Stage 38

Sevilla ⇒ Guillena

📅April 12
📍Seville, Spain
🥾Km 928,9 of the total journey
Route & elevation View on Wikiloc ↗

It was bound to happen, today we leave the wonderful city of Seville behind us. We could easily have stayed here a few more days, but the Via de la Plata calls, so this morning we are back in the middle of Plaza de España and start stage 38, further into the inland of Spain. We start in the beautiful Parque de Maria Luísa. The kiosks are just starting to open and the buskers are installing themselves. By now, around 9.30 am, the streets are pretty busy with Spaniards and tourists. Once outside the park, we walk towards Seville's grand cathedral. The large bougainvillea and orchid trees colour the streets pink and soft purple. This time of year is wonderful to visit the city. On a bend, we have to watch out for trams, but this wide street has room for walkers, cyclists, horse with carriage as well as trams. Then we enter a large square with a fountain and another wide street. This part of Seville is very open, while other neighbourhoods are much narrower built, with a maze of alleys. Near the cathedral, where one of Columbus' three burial sites is located, we turn towards the river. We walk past a large bullring, Plaza de Toros de la Real Maestranza de Cabellaria de Sevilla. That's quite a mouthful, but it's not just any bullring. It's a bullfighting arena from 1761, the largest in Spain.

Bullfighting is still eagerly practised, especially in the inland of Spain. It was already practised when the Romans ruled here, but they mainly somersaulted over angry bulls. The Moors brought fighting the bulls on horseback to Spain around 1100. In this variant, the bull doesn't survive. This cruel bit of power play is practised in a rather beautiful building. This round, tightly painted yellow and white arena does a good job of disguising what happens inside its walls.

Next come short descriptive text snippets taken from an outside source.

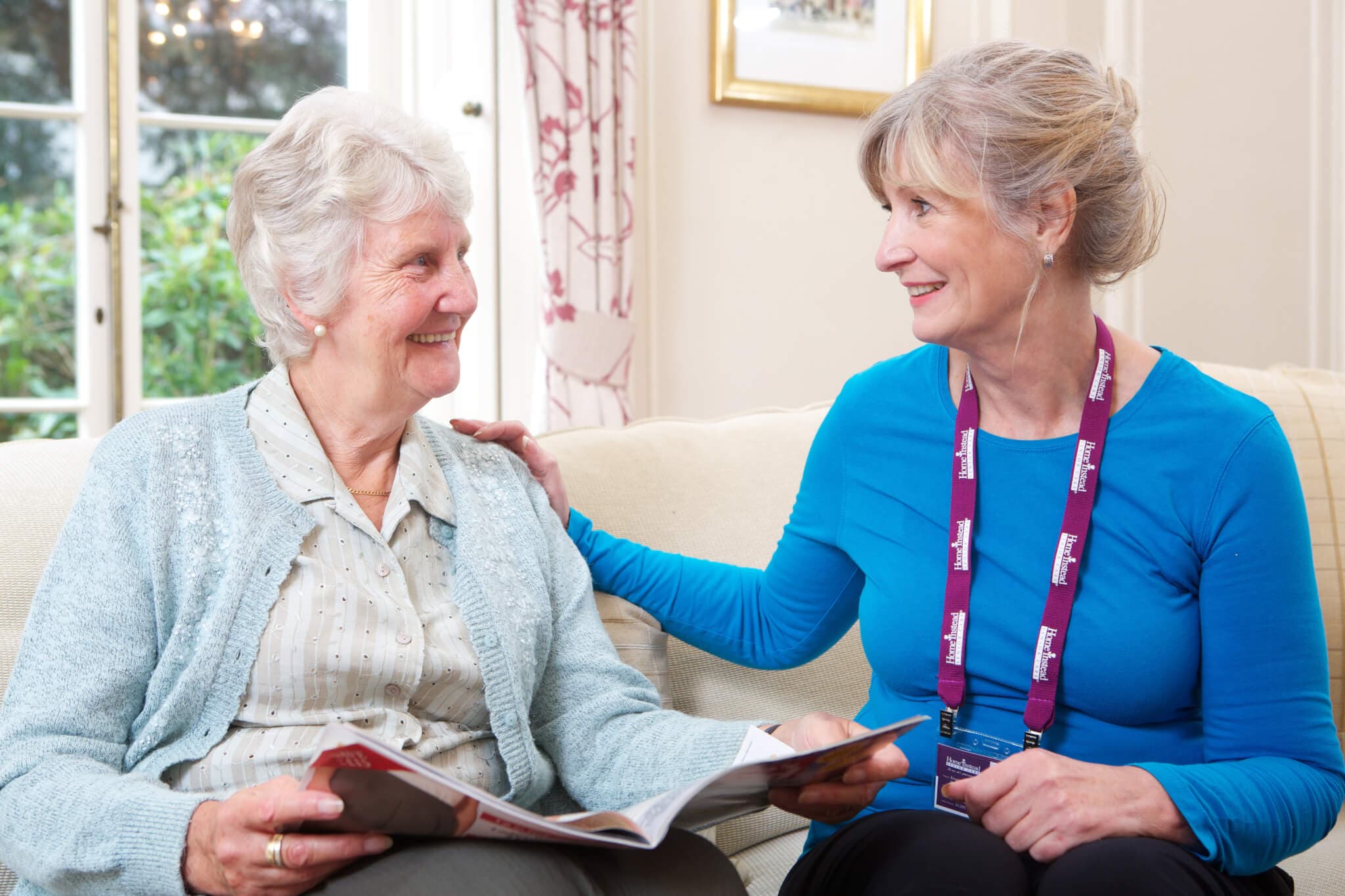 An elderly woman and a caregiver sit on a couch, smiling and talking, with a magazine in the elderly woman’s hands. - Home Instead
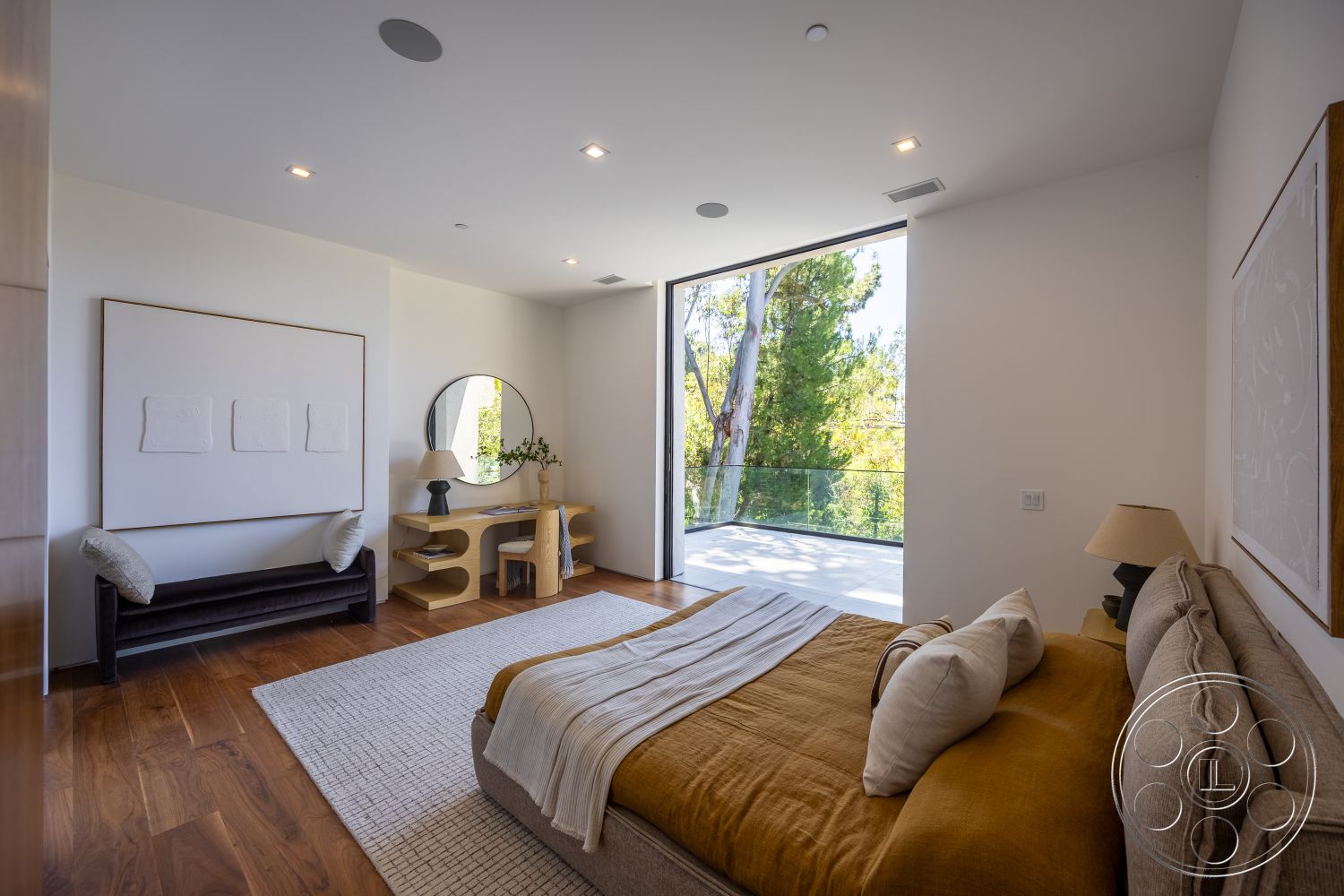 Canyon House - textured area rug, greenery view, floor-to-ceiling windows, interior bedroom, hardwood bedroom floors, white painted walls, glass balcony railing, minimalist art wall decor, modern round mirror, tan upholstered bed, contemporary writing desk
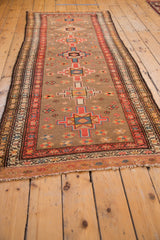Fringe and geometric border in faded tangerine orange and pale grapefruit red tones.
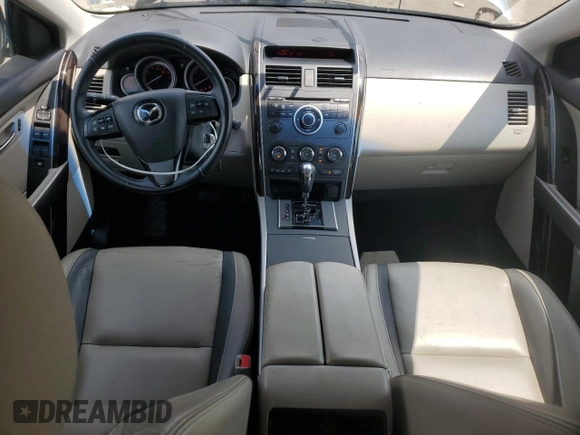 2012 Mazda CX-9 Grand Touring with VIN JM3TB2DVXC0361644, listed as a Copart auction lot 66092895 with 121,021 mi miles and Clean title. Bid and sale history available at DreamBid. Image 8.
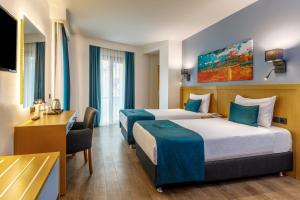 伊斯坦布尔Urban Hotel Bomonti的酒店客房配有两张床和一张书桌
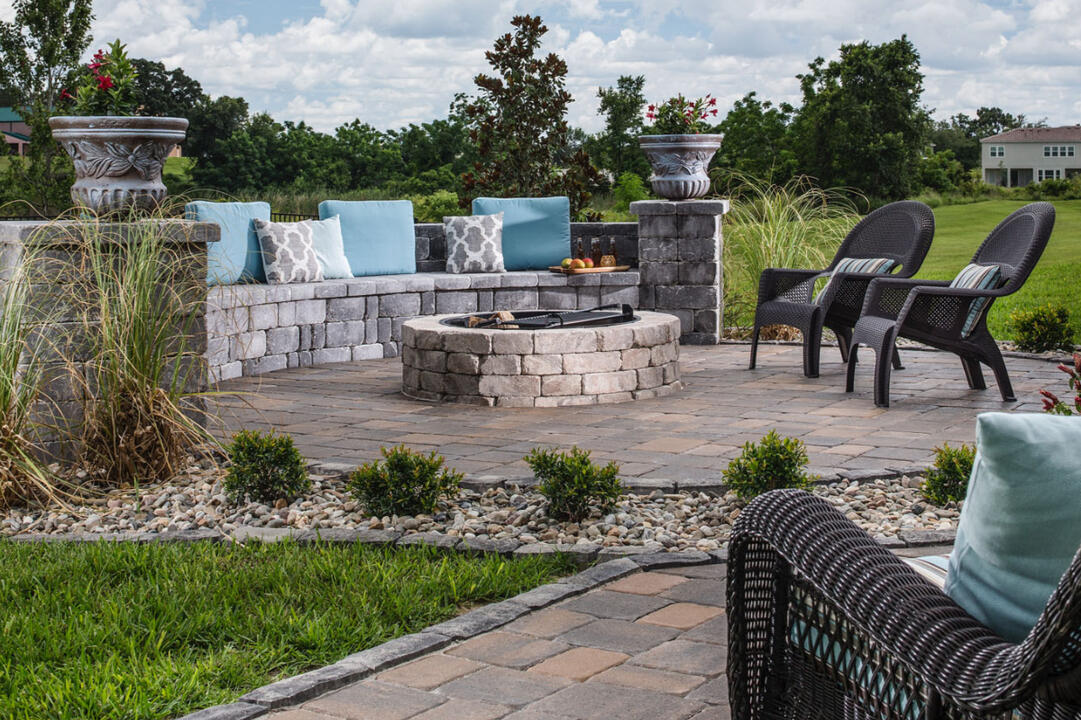 Half-moon Diamond Pro sitting wall with a fire pit on a round paver patio in Brookfield/Waukesha. Designed for outdoor comfort, style, and durability.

We cross the street and walk along the quay for a bit before crossing the river and walking through the streets of a slightly newer, but still old part of town to the edge of the built-up area. At the edge, near the Torre Sevilla we walk across a large car park, cross a canal and walk straight into the greenery. One moment you are in the middle of the city, the next you are walking across a meadow, along a canal, barely 4.5 kilometers after we left on the other side of the centre. As much as we would like to stay in the city for a while longer, it's also nice to leave the hustle and bustle of the city behind. Lovely to be out of the built-up area again. Like the last few kilometers before Seville, we follow a new stretch of route that is not on the map, so we have to make do with the shell and yellow arrows as route markers. Fortunately, this one is neatly marked at every turn. We walk along the canal for a bit, then turn off, past an old abandoned farmhouse, towards the motorway. We pass under a few more major roads before reaching the town of Santiponce. At the edge of the town, among yellow fields of poppies, we see a large 14th-century monastery. We would have liked to look around, but we have some shopping to do in the village and a little further on is another antiquity we'd like to visit: the ruins of the ancient Roman city of Itálica. An important city from the 3rd century BC and the first Roman city on the Iberian Peninsula. Most of the city has not yet been excavated, but an amphitheatre where 25,000 people could enjoy what the Romans did there (it was used for gladiator fights, reenacting battles and hunting games with wild animals) has been uncovered and is open to the public. It's an avid school outing: at least 20 buses full of youngsters walk through the structure, amazingly curious and happy. It's also very impressive to stand in the centre of the circle where the thumb went up or down, some 2,000 years ago... Interesting to see.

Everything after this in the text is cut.